Expenditures on both print and electronic university press books fell by 15.4 percent in real terms from 2014 to 2017, a decline largely driven by the steadily decreasing print book expenditures in our sample. But in spite of falling expenditures for these items, university press titles continue to occupy approximately 20 percent of the library market for books purchased on a one-time, title-by-title basis (see Figure 25). While this is on par with previous estimates from 2014 that posited that university presses hold 20-25 percent of the library market,[25] our findings indicate that this share is trending downward and has now fallen below the estimated range.
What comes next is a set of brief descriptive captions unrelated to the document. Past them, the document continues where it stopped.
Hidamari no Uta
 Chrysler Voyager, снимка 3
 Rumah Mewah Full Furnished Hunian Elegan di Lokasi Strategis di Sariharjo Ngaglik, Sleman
Moreover, the university press shares of both print and e-book expenditures have been decreasing since at least 2014 (see Figure 26).

Figure 25. University press vs. commercial press market share

Figure 26. University press share of market by format

Top University Presses

Oxford and Cambridge each lead with upwards of 20 percent of university press print book sales to participating libraries (see Figure 27), far outstripping sales by other university presses—for example, as the third leading university press, Yale’s highest share between 2014 and 2017 is only 3.8 percent. Other top presses for print book sales include Princeton, Harvard, Manchester, Columbia, the University of California, the University of Pennsylvania, the University of Toronto, and the State University of New York with between 1.5-3.2 percent of university press print book sales (see Table 3A in Appendix A).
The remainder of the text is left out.